Ear to the Ground

24 May 2024

There can be little doubt that the story of the week was the decision to call a UK general election for the 4th July.  Between now and then we will hear from each party their stance regarding policy.  Whilst inflation is yet to get back to target, it has retraced a long way.  Economic growth is stronger than perhaps some may have thought, and the leading index of the top 100 UK companies has recently been at new, all-time highs.  The latter will possibly be touched upon by the incumbent party, but does it actually matter.  Looking at the performance under different leadership, it would suggest that the political party in control is actually irrelevant.

Source: FE Analytics, Lowes Investment Management

Whilst the political to and fro will keep the press busy, it is perhaps more fitting then to remain focussed on what is happening in the economy.  UK inflation data released this week continued to show a transition back to the 2% target.  Whilst it did not fall as much as some had forecast, the year on year figure for April came in at 2.3%.  As expected, the largest downward pressure came from the fall in gas and electricity costs, due to the lowering of the Ofgem energy price cap.  There was also a pleasing fall in food prices.
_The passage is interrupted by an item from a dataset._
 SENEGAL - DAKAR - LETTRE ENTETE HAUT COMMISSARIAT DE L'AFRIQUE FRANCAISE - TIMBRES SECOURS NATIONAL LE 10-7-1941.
News wasn’t so positive with regard to retail sales, however, in a sign that perhaps higher for longer interest rates are starting to bite a little.  Whilst a fall had been forecast, it was much larger than expected, at -2.3% versus -0.4% month on month.  Year on year, retail sales were down 2.7% versus an expected fall of 0.2%.  Whilst sales volumes were down across many sectors, sales were particularly weak within non-food items.

All of this will provide food for thought for the Bank of England.  Whilst the general election will only be a month later, they have confirmed that they will still sit together in June to decide on monetary policy.  With the consumer price index still showing a rate above the 2% target, this meeting may come a little early for them to implement a cut to the base rate, especially given their inflation target only mandate.  But at the same time, they will be conscious of this latest retail sales weakness.